[What the task requires]: Write the lines below out exactly, dropping each picture.

──────── Data in this exercise

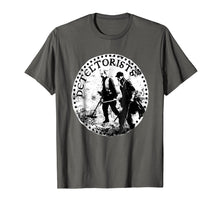 Ladda upp bild till gallerivisning, Funny shirts V-neck Tank top Hoodie sweatshirt usa uk au ca gifts for Detectorists T Shirt 1474092
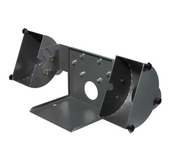 Jet Buffer Shroud for 8 in. Buffer 578400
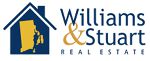 Public profile brokerage logo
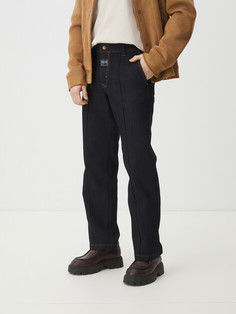 Джинсы Versace Jeans Couture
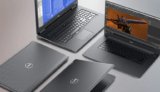 10 Best Laptops For Research And Ph.D. Students [2024]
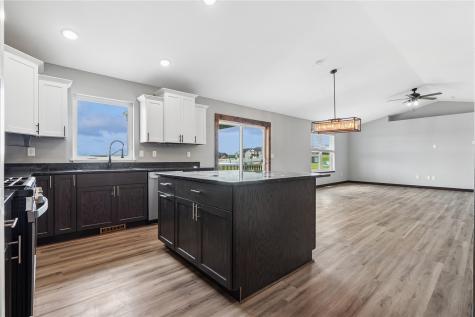 103 Viking Drive Vinton IA 52349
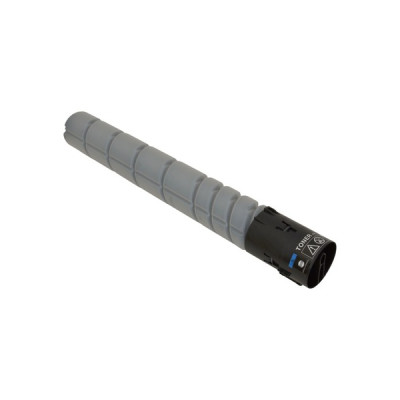 Konica Minolta TN-330 H (AC7A05H), originálny toner, čierny, 12500 strán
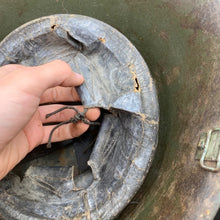 Charger l'image dans la galerie, Image #11
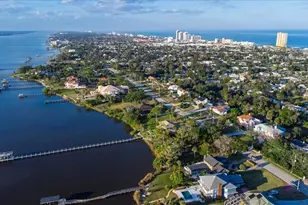 1428 N Halifax Ave, Daytona Beach, FL 32118 - Photo 69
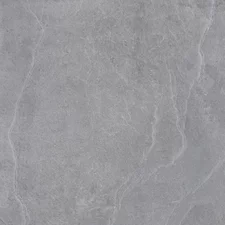 Dlažba Lavik Grey 60x60 cm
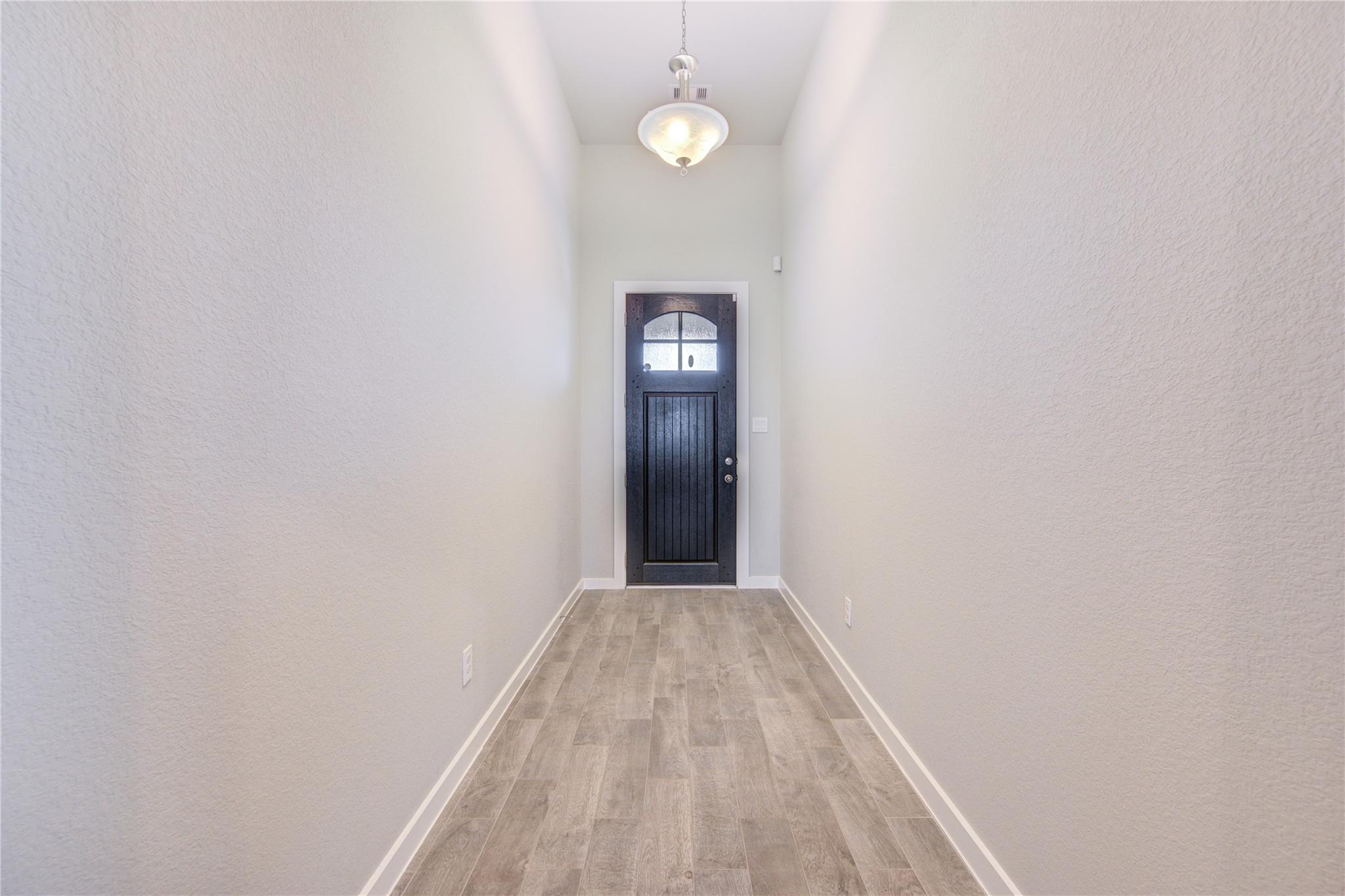 20807 Shawbrook Drive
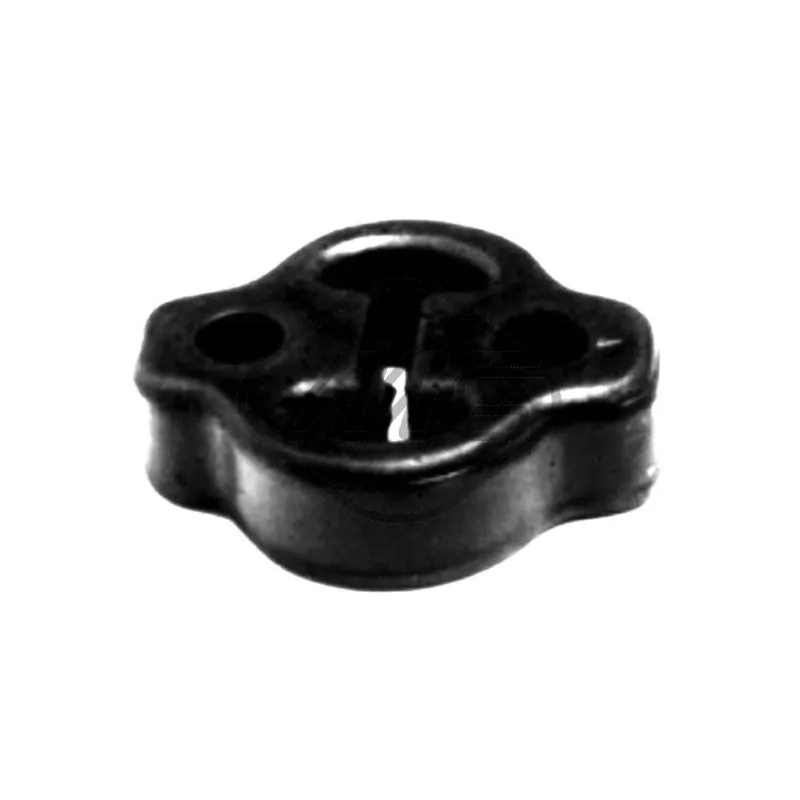 Cache batterie Metalcaucho 41015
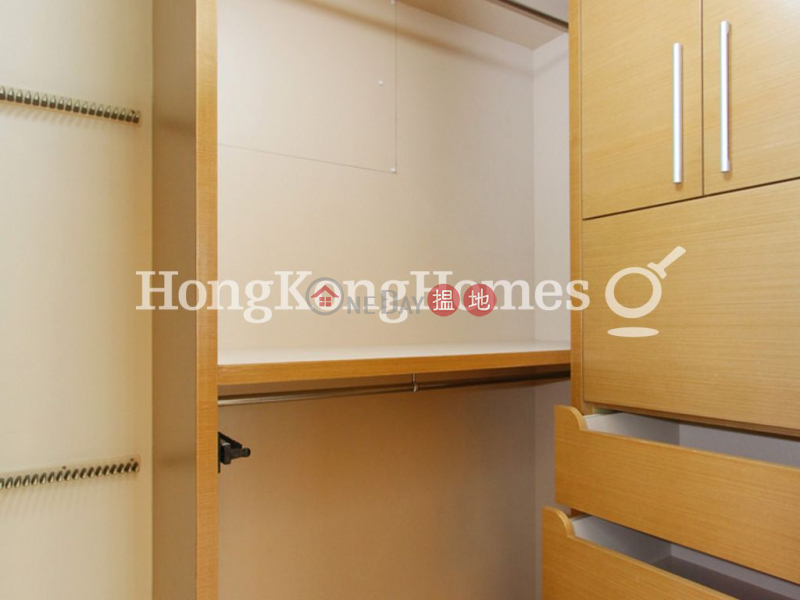 Property Search Hong Kong | OneDay | Residential, Rental Listings | 3 Bedroom Family Unit for Rent at (T-20) Yen Kung Mansion On Kam Din Terrace Taikoo Shing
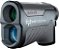 Bushnell Bone Collector 1000 Telêmetro, Localizador de Alcance de Caça com Bluetooth e Compensação de Ângulo para Tiro e Caça - Imagem 1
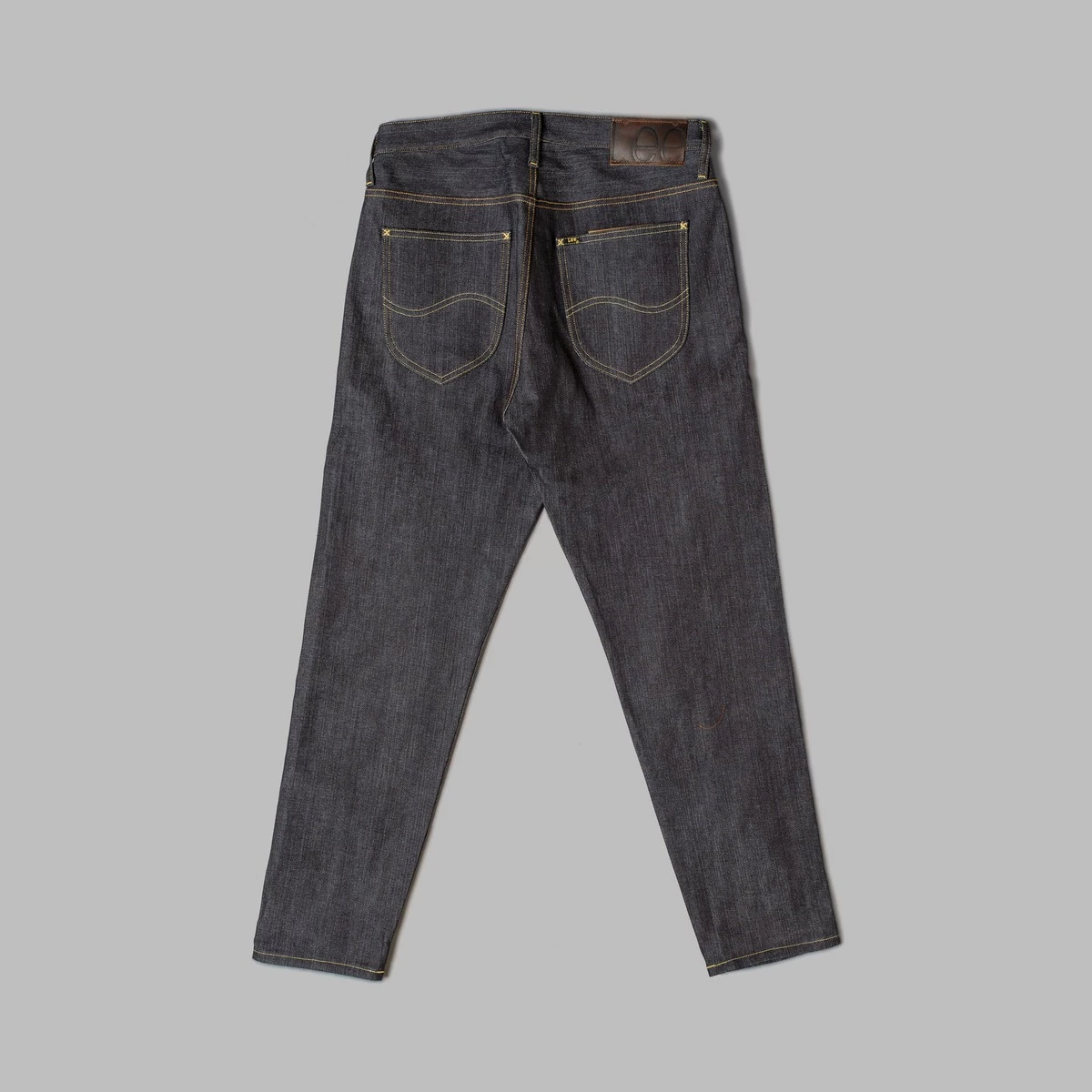 Lee Jeans 101 S Jeans 3 Lee Jeans 101 S Jeans - Image 3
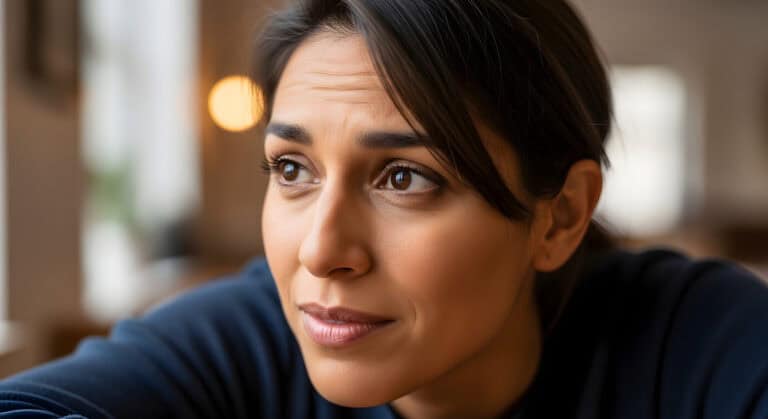 12 signs a woman doesn’t have close friendships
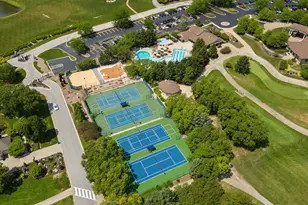 1458 Spyglass Cir, Chesterton, IN 46304 - Photo 53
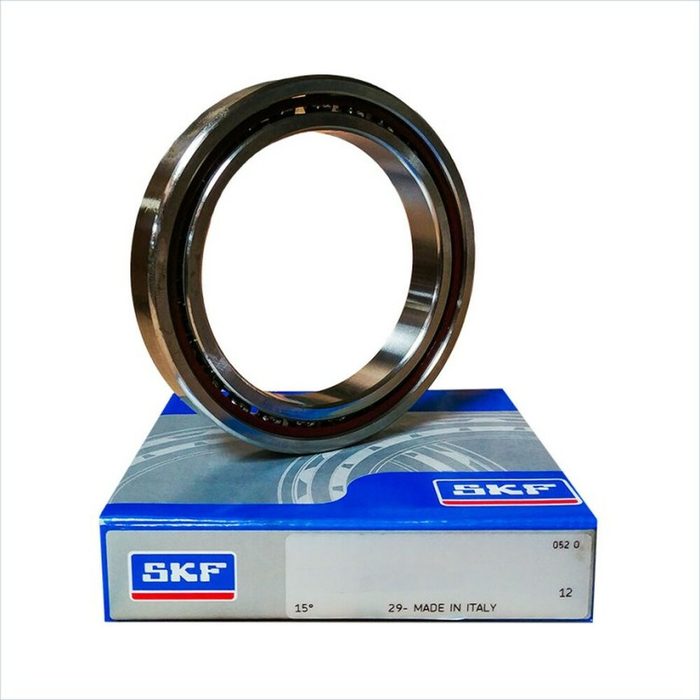 7036 CD/P4A Unmounted Ball Bearing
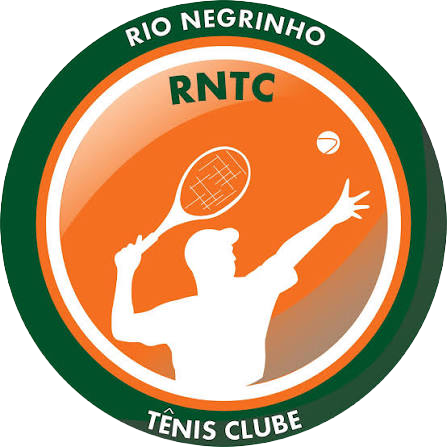 Rio Negrinho Tênis Clube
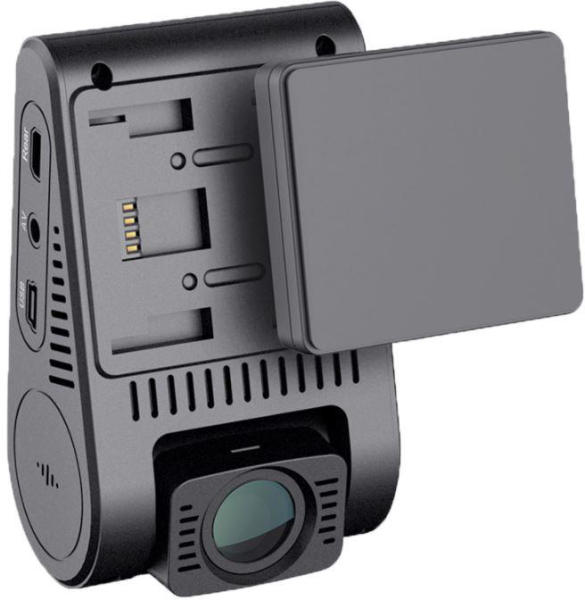 Vásárlás: VIOFO A129-G PLUS DUO Autós kamera árak összehasonlítása, A 129 G  PLUS DUO boltok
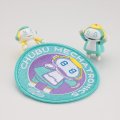 alt="Hasegawa 64790 - Tiny Mechatro Mate Patch Set No.04 Emblem Set Aqua Green & Lemon Color" title="Hasegawa 64790 - Tiny Mechatro Mate Patch Set No.04 Emblem Set Aqua Green & Lemon Color"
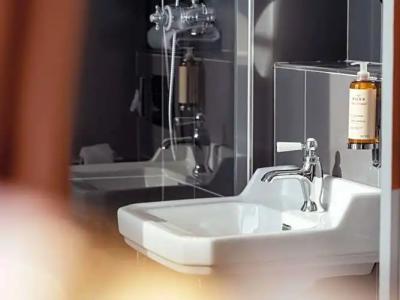 Mercure Paris Gare De Lyon Opera Bastille - 49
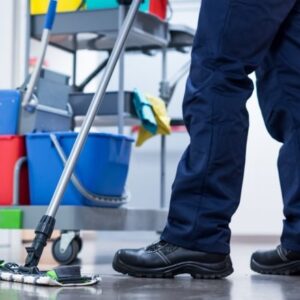 Home Room Cleaners Dortmund - Essen - Witten - Dusseldorf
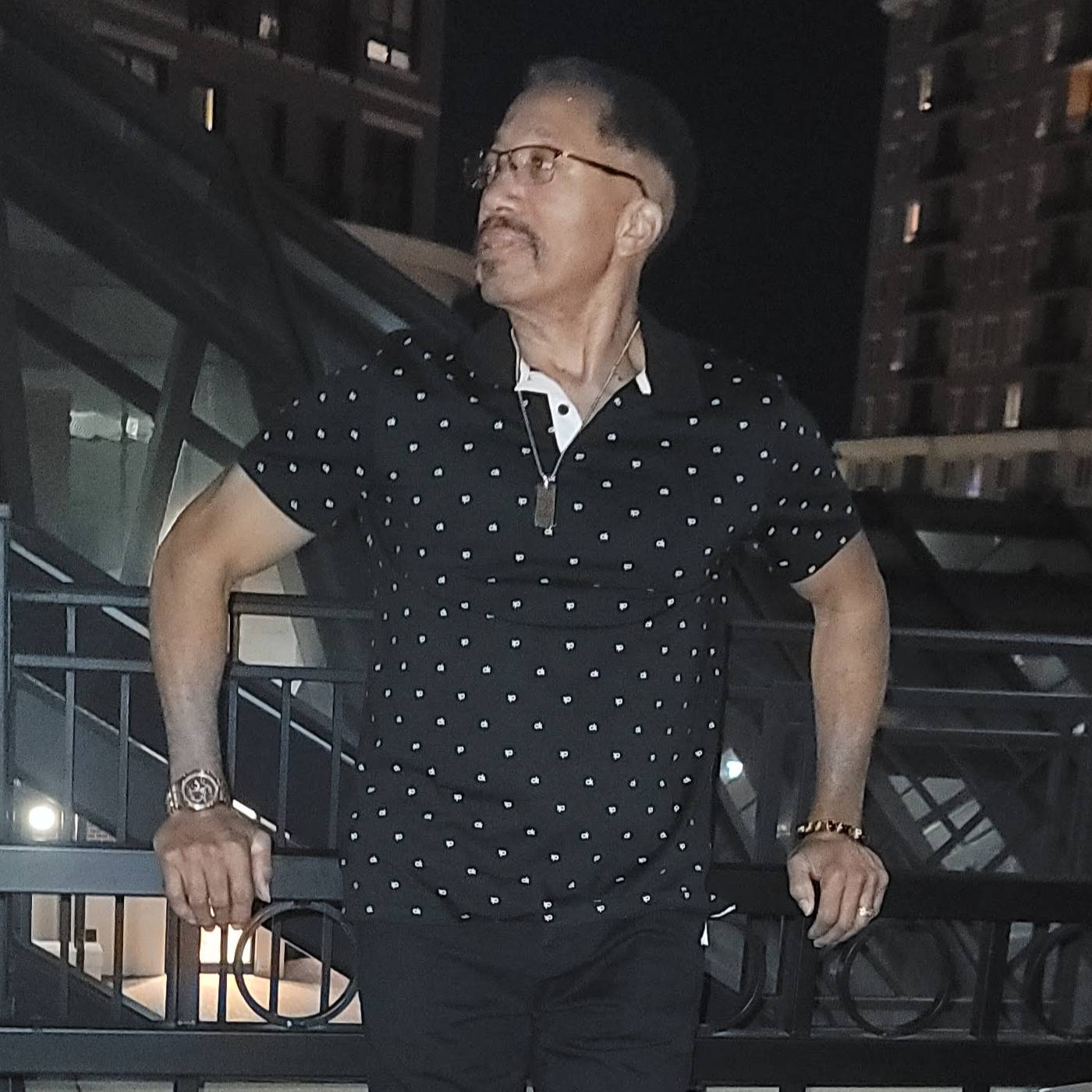 Ardy Willis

────────────────

[Task output]:
 Ladda upp bild till gallerivisning, Funny shirts V-neck Tank top Hoodie sweatshirt usa uk au ca gifts for Detectorists T Shirt 1474092
 Jet Buffer Shroud for 8 in. Buffer 578400
 Public profile brokerage logo
 Джинсы Versace Jeans Couture
 10 Best Laptops For Research And Ph.D. Students [2024]
 103 Viking Drive Vinton IA 52349
 Konica Minolta TN-330 H (AC7A05H), originálny toner, čierny, 12500 strán
 Charger l'image dans la galerie, Image #11
 1428 N Halifax Ave, Daytona Beach, FL 32118 - Photo 69
 Dlažba Lavik Grey 60x60 cm
 20807 Shawbrook Drive
 Cache batterie Metalcaucho 41015
 Property Search Hong Kong | OneDay | Residential, Rental Listings | 3 Bedroom Family Unit for Rent at (T-20) Yen Kung Mansion On Kam Din Terrace Taikoo Shing
 Bushnell Bone Collector 1000 Telêmetro, Localizador de Alcance de Caça com Bluetooth e Compensação de Ângulo para Tiro e Caça - Imagem 1
 Lee Jeans 101 S Jeans 3 Lee Jeans 101 S Jeans - Image 3
 12 signs a woman doesn’t have close friendships
 1458 Spyglass Cir, Chesterton, IN 46304 - Photo 53
 7036 CD/P4A Unmounted Ball Bearing
 Rio Negrinho Tênis Clube
 Vásárlás: VIOFO A129-G PLUS DUO Autós kamera árak összehasonlítása, A 129 G  PLUS DUO boltok
 alt="Hasegawa 64790 - Tiny Mechatro Mate Patch Set No.04 Emblem Set Aqua Green & Lemon Color" title="Hasegawa 64790 - Tiny Mechatro Mate Patch Set No.04 Emblem Set Aqua Green & Lemon Color"
 Mercure Paris Gare De Lyon Opera Bastille - 49
 Home Room Cleaners Dortmund - Essen - Witten - Dusseldorf
 Ardy Willis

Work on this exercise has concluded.